The organization’s main goal is to help eradicate poverty. In a world where three billion people live on less than $2 a day, it is not enough to help 1,000 or even 100,000 individuals. ACCION’s goal is to bring microlending to millions of people–enough to truly change this hemisphere and ultimately, the world. It is a rather known fact that no single donation or loan, no matter how large, would be able to accomplish such a monumental task. That’s why ACCION has created an anti-poverty strategy that is permanent and self-sustaining. Unlike traditional charities and most other microlending efforts, ACCION’s programs are designed to cover their own costs. Microlending is a smart strategy because it builds on the one asset found even in the poorest communities: the power and determination of the human spirit.
My position in ACCION was very much like that of an outside consultant. I worked with a team of people in the Research & Development department of ACCION who had had considerable experience in the field. The team’s main objective was to generate, coordinate and utilize new financial products in different markets, support the technical consulting area (which is in constant contact with the microfinance institutions), and spread the knowledge that is necessary to keep the organization up to speed.

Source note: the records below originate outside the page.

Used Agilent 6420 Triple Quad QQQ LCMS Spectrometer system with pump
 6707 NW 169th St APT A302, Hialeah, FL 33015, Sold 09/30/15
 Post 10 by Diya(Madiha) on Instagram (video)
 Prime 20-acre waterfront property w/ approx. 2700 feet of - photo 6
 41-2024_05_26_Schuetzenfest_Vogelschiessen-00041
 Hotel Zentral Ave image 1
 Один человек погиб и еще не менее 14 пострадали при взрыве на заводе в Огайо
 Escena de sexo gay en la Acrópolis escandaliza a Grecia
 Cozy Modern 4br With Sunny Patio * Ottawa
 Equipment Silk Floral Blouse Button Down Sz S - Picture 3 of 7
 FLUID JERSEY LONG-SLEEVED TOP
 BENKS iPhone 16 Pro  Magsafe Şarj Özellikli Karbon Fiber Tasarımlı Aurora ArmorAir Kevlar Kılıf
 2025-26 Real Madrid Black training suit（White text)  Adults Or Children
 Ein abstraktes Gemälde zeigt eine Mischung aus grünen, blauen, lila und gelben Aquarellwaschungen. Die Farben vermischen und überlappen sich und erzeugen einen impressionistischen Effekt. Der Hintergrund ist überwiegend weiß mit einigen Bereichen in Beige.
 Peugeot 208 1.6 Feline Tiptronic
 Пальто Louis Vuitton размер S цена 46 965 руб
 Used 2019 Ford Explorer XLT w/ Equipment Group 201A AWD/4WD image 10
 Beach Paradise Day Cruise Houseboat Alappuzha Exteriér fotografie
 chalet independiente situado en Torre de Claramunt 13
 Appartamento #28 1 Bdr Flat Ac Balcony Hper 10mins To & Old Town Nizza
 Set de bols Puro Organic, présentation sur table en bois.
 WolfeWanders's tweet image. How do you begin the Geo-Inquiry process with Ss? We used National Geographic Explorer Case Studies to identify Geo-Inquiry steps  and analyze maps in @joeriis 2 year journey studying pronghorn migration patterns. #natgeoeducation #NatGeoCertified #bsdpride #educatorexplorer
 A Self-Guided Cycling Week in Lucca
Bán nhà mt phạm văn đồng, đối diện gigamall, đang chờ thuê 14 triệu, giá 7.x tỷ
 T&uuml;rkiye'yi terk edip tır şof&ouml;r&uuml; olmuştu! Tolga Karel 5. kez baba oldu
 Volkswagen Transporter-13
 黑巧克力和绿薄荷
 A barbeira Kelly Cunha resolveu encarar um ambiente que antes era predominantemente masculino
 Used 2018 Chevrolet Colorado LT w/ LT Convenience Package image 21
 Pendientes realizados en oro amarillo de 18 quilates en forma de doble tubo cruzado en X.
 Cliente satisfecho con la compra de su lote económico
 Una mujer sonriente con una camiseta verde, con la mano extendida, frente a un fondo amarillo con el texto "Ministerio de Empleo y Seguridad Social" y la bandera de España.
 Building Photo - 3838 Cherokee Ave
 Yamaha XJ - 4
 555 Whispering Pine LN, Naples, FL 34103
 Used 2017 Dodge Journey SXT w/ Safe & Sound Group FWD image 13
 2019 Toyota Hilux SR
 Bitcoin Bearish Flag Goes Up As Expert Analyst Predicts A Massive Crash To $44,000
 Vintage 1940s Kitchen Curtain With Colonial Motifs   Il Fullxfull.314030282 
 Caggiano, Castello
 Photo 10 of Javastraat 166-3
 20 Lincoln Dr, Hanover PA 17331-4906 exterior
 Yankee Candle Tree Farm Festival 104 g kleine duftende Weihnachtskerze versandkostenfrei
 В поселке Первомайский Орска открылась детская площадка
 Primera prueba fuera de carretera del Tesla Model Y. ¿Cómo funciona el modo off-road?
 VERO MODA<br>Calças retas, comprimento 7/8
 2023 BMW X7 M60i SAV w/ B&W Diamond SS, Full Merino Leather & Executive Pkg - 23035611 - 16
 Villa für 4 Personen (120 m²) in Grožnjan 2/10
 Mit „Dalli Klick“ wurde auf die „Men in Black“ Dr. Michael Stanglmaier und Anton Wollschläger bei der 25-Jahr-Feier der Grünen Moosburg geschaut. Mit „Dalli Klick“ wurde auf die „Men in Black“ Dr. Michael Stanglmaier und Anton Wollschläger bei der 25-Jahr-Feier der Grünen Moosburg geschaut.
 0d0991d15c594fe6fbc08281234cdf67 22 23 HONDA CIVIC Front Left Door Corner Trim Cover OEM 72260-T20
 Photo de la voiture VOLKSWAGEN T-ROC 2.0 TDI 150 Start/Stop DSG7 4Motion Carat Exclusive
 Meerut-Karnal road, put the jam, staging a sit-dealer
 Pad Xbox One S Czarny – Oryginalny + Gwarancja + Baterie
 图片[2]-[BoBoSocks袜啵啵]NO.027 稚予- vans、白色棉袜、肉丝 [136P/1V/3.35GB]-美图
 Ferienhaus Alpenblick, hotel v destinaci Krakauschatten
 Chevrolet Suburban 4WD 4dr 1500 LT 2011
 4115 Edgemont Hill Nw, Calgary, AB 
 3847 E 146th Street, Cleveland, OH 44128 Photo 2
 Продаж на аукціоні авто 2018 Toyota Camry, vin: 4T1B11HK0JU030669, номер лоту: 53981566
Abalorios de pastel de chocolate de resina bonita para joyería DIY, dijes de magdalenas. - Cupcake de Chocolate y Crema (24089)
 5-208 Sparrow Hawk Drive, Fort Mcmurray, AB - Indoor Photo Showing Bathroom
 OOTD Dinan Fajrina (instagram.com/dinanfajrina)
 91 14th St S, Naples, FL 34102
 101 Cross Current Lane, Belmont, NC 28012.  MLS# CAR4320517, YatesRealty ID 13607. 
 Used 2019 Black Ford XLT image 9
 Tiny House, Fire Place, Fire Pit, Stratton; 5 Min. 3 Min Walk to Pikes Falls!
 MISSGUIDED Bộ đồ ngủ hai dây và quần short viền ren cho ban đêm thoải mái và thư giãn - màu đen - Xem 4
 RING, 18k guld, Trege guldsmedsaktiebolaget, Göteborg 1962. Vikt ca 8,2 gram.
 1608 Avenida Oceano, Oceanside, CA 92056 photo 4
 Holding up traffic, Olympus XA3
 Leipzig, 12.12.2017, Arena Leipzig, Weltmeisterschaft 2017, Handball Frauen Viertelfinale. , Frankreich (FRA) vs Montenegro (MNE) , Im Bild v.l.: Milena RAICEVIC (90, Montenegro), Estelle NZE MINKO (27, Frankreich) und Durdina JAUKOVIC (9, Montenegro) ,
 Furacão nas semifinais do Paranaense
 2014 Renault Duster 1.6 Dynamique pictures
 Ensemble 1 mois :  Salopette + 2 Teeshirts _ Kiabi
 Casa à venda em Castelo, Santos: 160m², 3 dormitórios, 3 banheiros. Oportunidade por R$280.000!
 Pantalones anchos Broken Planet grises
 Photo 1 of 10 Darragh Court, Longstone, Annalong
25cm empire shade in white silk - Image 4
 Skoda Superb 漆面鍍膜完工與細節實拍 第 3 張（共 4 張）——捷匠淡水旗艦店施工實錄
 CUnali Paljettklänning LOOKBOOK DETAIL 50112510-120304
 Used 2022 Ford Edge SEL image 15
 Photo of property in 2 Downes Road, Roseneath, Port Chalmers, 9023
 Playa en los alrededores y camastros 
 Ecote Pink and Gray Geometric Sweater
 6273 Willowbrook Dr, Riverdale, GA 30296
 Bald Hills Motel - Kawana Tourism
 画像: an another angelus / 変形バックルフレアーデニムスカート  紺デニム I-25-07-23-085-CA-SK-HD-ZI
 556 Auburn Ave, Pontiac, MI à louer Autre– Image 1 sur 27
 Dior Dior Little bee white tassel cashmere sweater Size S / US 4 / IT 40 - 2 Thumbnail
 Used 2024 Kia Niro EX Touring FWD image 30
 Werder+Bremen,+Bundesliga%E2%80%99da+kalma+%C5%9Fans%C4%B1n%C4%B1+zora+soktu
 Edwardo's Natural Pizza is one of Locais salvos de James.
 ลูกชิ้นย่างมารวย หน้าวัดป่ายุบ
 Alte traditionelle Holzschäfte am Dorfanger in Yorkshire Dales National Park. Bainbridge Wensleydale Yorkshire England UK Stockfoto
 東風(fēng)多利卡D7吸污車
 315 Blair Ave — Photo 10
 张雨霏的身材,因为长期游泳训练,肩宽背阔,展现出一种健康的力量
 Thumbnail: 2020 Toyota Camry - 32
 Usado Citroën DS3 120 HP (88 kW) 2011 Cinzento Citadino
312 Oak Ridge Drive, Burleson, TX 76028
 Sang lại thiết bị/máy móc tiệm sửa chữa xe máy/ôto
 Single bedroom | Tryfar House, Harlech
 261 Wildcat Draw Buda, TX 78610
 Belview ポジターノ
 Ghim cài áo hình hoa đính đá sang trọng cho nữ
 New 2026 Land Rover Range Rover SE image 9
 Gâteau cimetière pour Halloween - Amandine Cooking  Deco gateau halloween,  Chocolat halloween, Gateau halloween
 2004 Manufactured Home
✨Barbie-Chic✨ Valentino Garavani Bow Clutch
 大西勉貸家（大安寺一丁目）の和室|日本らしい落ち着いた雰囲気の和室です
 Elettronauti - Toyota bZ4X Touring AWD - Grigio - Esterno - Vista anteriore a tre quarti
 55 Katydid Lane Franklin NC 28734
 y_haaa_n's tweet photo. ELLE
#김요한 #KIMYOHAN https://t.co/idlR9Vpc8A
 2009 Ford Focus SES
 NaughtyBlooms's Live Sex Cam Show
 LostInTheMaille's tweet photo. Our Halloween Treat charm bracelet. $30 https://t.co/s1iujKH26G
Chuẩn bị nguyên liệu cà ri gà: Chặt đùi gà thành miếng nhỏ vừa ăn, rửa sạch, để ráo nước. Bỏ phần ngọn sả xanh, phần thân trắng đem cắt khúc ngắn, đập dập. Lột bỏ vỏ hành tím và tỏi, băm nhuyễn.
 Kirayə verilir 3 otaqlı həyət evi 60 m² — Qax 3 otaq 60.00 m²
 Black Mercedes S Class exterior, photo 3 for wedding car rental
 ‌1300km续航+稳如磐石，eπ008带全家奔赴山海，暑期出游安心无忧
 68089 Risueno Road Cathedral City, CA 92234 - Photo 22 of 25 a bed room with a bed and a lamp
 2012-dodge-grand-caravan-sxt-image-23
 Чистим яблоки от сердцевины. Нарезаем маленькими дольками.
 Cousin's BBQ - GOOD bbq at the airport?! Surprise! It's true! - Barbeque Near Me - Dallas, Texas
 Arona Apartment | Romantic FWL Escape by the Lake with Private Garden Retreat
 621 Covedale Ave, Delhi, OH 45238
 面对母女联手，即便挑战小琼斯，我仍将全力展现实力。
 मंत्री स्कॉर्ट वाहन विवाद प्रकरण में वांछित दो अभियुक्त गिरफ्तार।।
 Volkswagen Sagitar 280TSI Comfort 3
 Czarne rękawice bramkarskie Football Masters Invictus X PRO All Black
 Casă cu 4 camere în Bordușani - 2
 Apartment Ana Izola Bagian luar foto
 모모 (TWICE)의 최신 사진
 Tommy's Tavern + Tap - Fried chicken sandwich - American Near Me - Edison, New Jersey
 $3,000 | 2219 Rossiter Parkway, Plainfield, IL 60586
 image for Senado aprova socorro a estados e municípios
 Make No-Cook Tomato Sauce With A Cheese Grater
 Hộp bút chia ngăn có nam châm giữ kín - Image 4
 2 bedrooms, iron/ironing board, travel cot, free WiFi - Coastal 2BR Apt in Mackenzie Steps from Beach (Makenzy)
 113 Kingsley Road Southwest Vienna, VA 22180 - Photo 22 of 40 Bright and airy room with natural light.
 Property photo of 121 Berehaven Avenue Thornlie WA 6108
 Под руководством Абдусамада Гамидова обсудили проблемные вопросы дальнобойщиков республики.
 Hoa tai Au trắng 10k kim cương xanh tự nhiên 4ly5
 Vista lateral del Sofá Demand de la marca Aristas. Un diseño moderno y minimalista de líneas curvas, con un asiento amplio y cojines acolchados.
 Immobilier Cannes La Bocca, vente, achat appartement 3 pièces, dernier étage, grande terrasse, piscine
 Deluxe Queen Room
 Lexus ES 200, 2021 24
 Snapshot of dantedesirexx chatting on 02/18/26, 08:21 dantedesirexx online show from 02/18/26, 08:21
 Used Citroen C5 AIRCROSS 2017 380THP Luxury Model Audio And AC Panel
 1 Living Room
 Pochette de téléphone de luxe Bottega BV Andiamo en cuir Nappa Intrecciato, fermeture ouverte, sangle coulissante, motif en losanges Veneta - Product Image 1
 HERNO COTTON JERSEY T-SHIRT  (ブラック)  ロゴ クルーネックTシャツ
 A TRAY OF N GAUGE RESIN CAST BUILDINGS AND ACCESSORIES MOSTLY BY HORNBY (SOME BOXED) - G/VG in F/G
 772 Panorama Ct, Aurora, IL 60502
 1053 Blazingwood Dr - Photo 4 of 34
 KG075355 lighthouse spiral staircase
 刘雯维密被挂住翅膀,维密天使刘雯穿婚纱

My task consisted of heading two projects in areas where ACCION had specific needs. The first project consisted of the development and testing of costing models for new product development initiatives. Given that one of the primary activities of the Research & Development department is identifying, developing and testing new financial services for the low-income population in Latin America, it became evident that the key step in this process is evaluating the potential sustainability/profitability of proposed products. During my time at ACCION, few of the affiliates had the ability to conduct such an evaluation in a meaningful way. My primary responsibility was to build a generic projections model that could be used by affiliate banks with little technical and financial skills to accurately forecast the potential profitability of a new financial product. Leading the project implied coordination with other members of the R&D department and ACCION’s technical assistance staff, as well as the microlending institutions. The model was first applied towards the end of the summer with projects in the Dominican Republic and Ecuador.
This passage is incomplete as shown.